Spätestens jetzt schwappt das Chaos aus den Computern der Banken und Handelsräume auf die Straßen des gebeutelten südeuropäischen Staates über. Seit Wochen protestieren schon Zehntausende gegen das Spardiktat von IWF und EU. Plötzlich steigt die Zahl der Demonstranten bedrohlich. Sie liefern sich Straßenschlachten mit der Polizei. Mancherorts schießt die in ihrer Wehrlosigkeit scharf. In vielen Orten gibt es Tote und Schwerverwundete. Auf den öffentlichen Plätzen herrscht die Revolte. Die Staatsmacht versucht mit aller Gewalt, Ordnung zu wahren.
Das aber ist erst der Anfang: Krankenhäuser können plötzlich keine Medikamente mehr kaufen, weil der Zahlungsverkehr im gesamten Land zusammengebrochen ist. Gleichzeitig wird der riesigen Beamtenschaft im Lande klar, dass ihre Bezüge und späteren Pensionen gefährdet sind. Jugendliche Banden rauben Geschäfte aus. Die Fernsehsender und Nachrichtagenturen vor Ort übertragen Bilder von bürgerkriegsähnlichen Zuständen in alle Welt. Vielerorts ist man entsetzt. Der Euro bringt den Bürgerkrieg, titeln ausländische Zeitungen. Und in Spanien, wo die arbeitslose Jugend seit Monaten ebenfalls gegen die Sparmaßnahmen demonstriert, nimmt man die Ausschreitungen als Signal. Die Spirale dreht sich weiter. Die Politik ist entsetzt. In aller Eile verabreden sich die Staats- und Regierungschefs für den nächsten Tag zu einem Krisentreffen in Brüssel. Die Notenbanken weltweit versuchen, die Kernschmelze im Finanzsystem einzudämmen, indem sie quer über den Globus wieder einmal irre hohe Milliardenbeträge an Liquidität in die Banken kippen.
Lehman Brothers lässt grüßen.
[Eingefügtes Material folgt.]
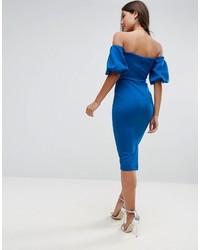 Robe à épaules dénudées bleu Asos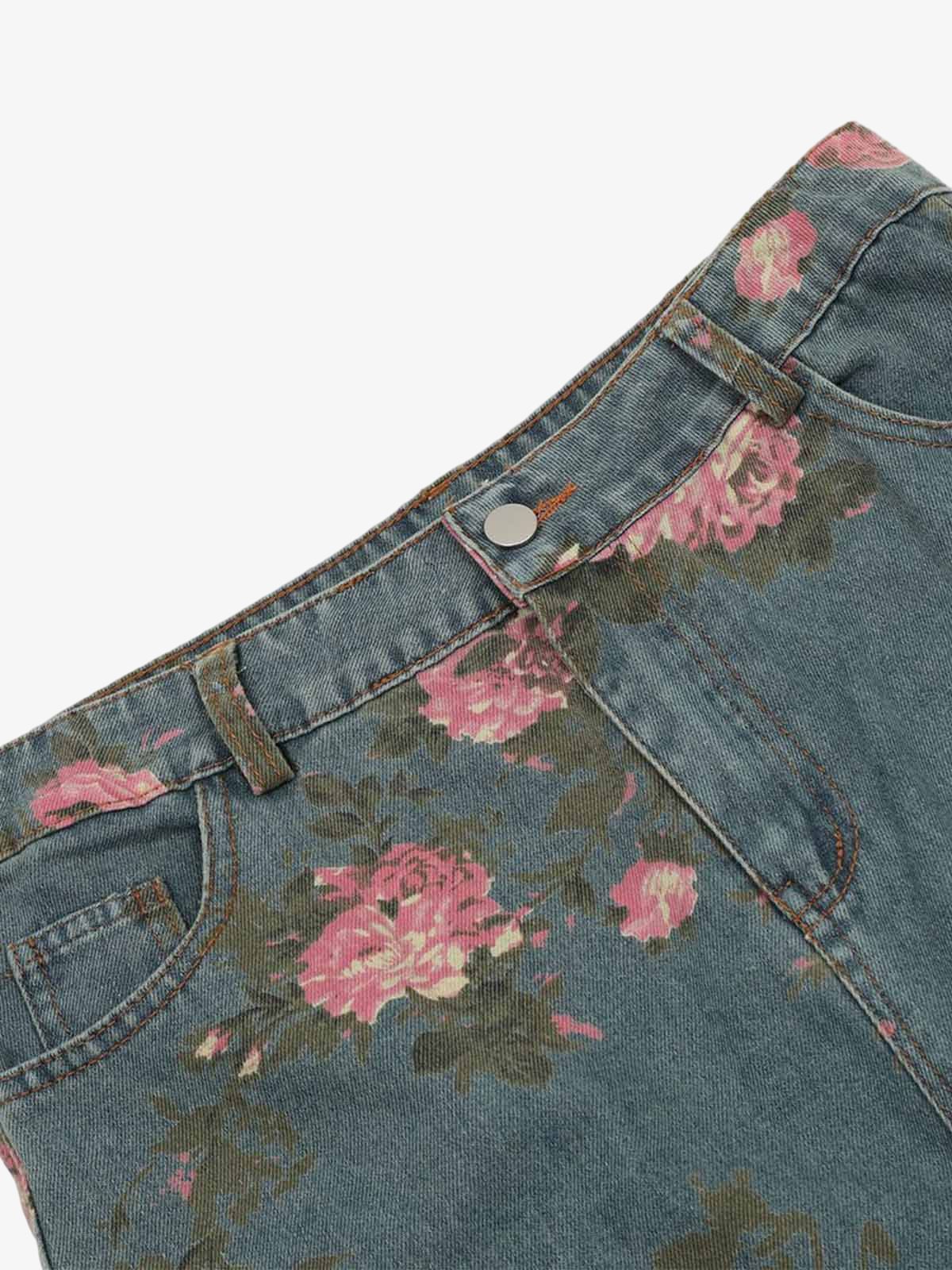 Calça Floral Rose Straight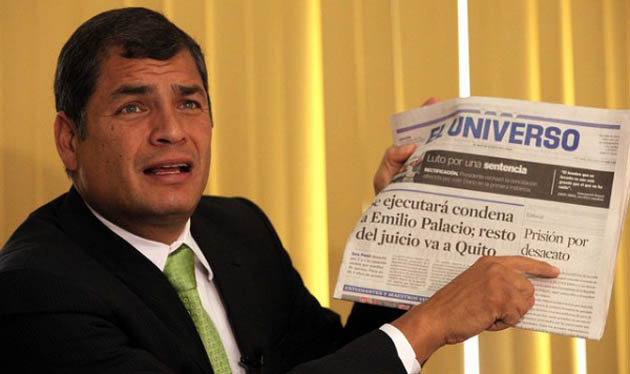 Rafael Correa llama a rebelarse contra la dictadura de las corporaciones mediáticas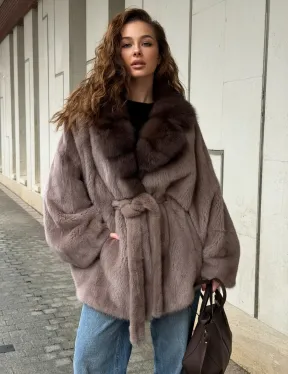 Норковая шуба летучка - воротник куница - фото 7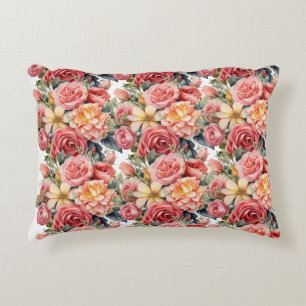 Cottagecore Roze Rozen Accent Kussen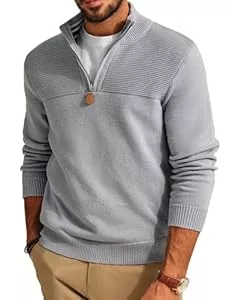 PaulJones Pullover & Strickmode PaulJones Strickpullover Herren Troyer Pullover mit Reissverschluss und Stehkragen Arbeitspullover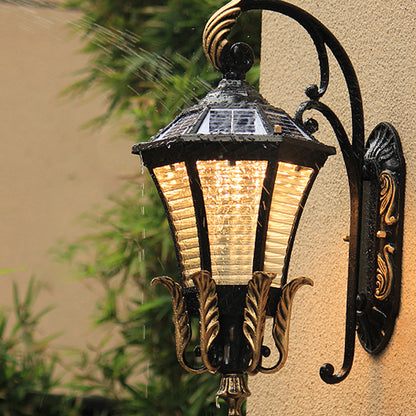 Black Flared Shape LED Wall Sconce Light Vintage Ribbed Glass Outdoor Solar Wall Lamp Black Solar Clearhalo 'Wall Lamps & Sconces' 'Wall Lights' Lighting' 2408405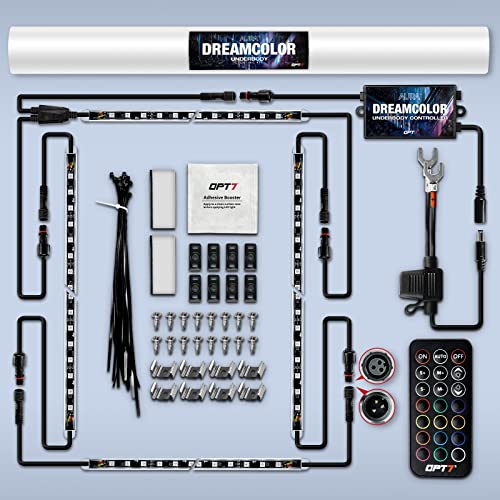 OPT7 Aura Dreamcolor Underglow Chasing Lights w/Wireless Remote, Waterproof Rigid Aluminum LED Light Bar, Exterior Neon Accent Underbody RGB-IC Light Kit, Multi Colors Mode, for Car Truck RV, 12V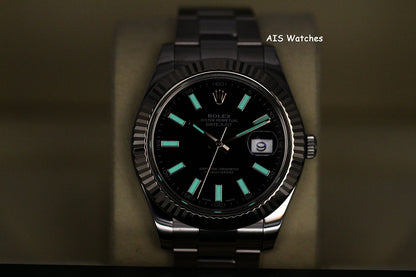 Rolex Datejust II 41MM 116334 Black Stick Dial Stainless Steel Box & Papers
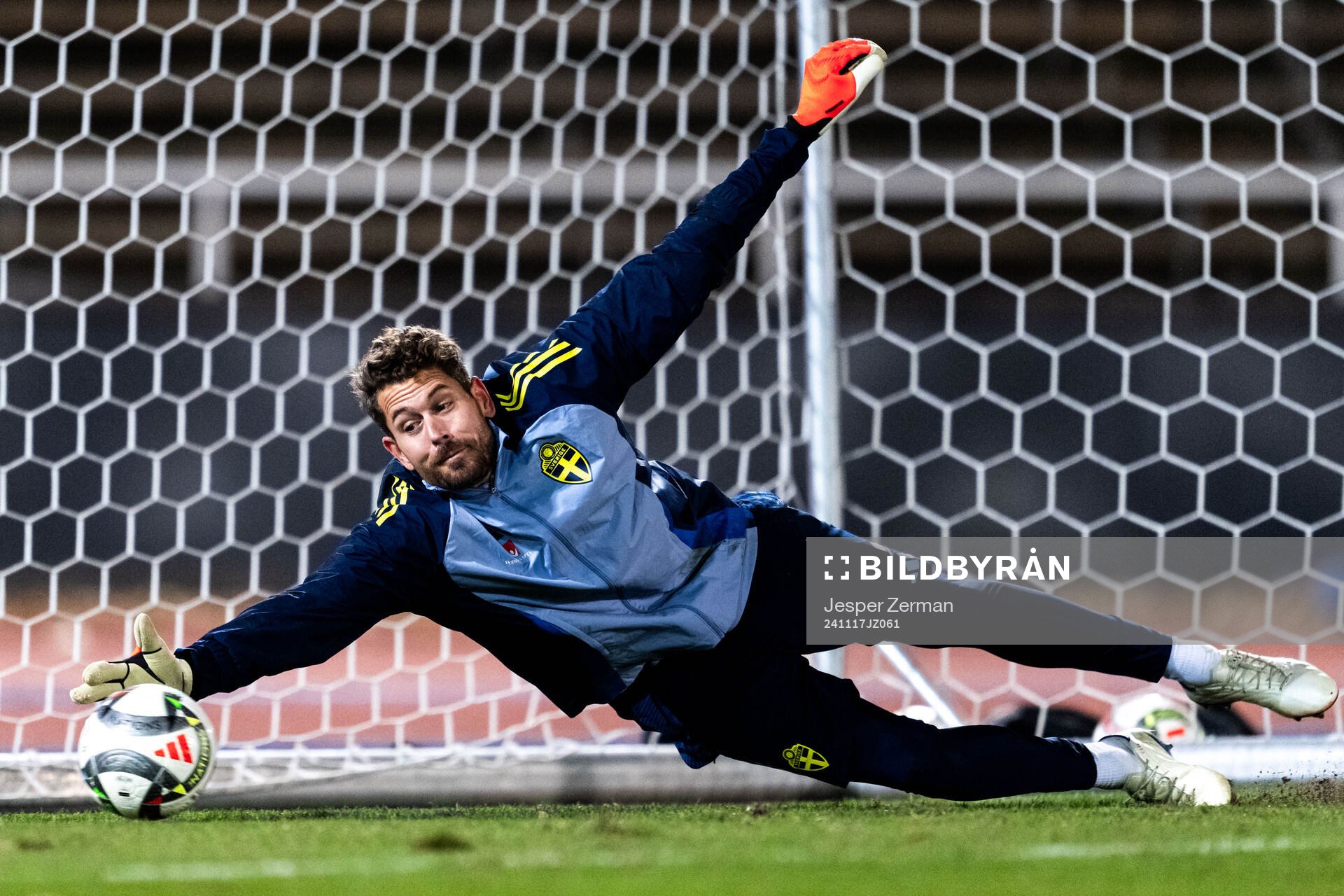Goalkeeper Kristoffer Nordfeldt of the Swedish men's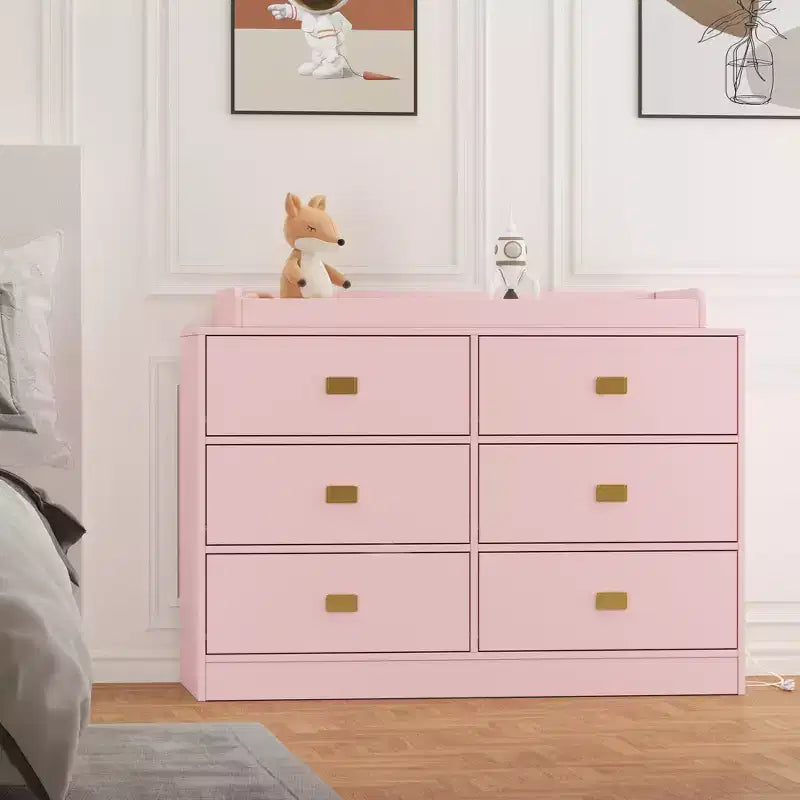 Commode à 6 tiroirs avec plateau à langer, commode large avec prises de courant, matelas à langer amovible, organisateur de rangement pour chambre de bébé, rose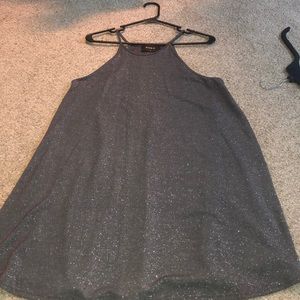 Gray, glittery dress.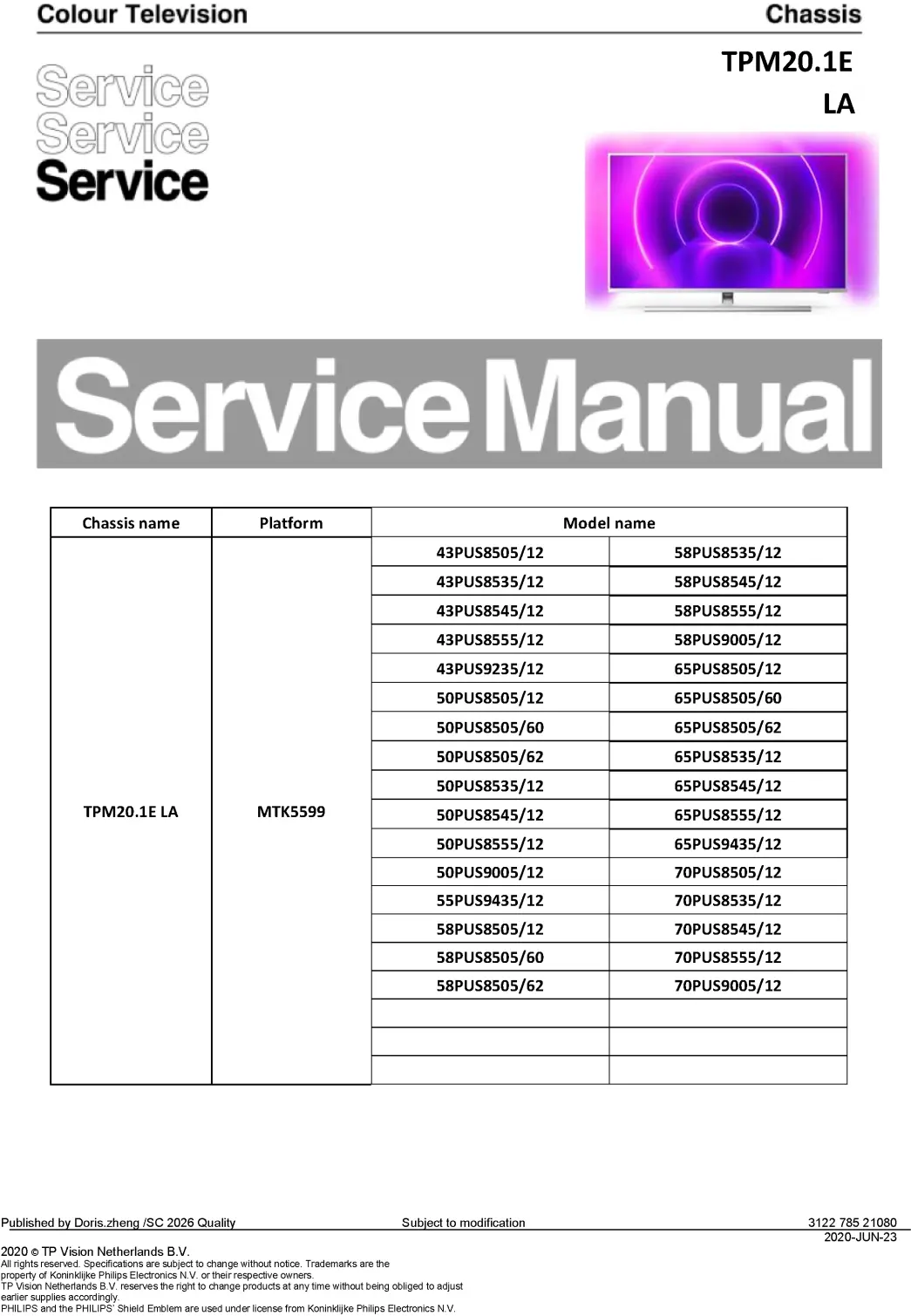 Philips 65pus8505 65pus8535 65pus8545 65pus8555 65pus9435 service manual cover with photo of the television, TV type, chassis code, model code, creation date and document number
Beim Treffen der Regierungschefs am Tag danach liegt eine Nacht voller Ausschreitungen hinter Griechenland. Die Börsen in Europa und den USA sind eingebrochen. Inzwischen trudeln auch US-Kreditinstitute, die mit Italien Geschäfte gemacht haben. Die Europäer drängen nach den Ereignissen den Papandreou-Nachfolger, die Reißleine zu ziehen.
Auf einer Pressekonferenz verkündet der Grieche die Wiedereinführung der Drachme zum Kurs eins zu eins zum Euro. Außerdem kündigt er an, mit den Gläubigern des Landes über einen Schuldenschnitt verhandeln zu wollen.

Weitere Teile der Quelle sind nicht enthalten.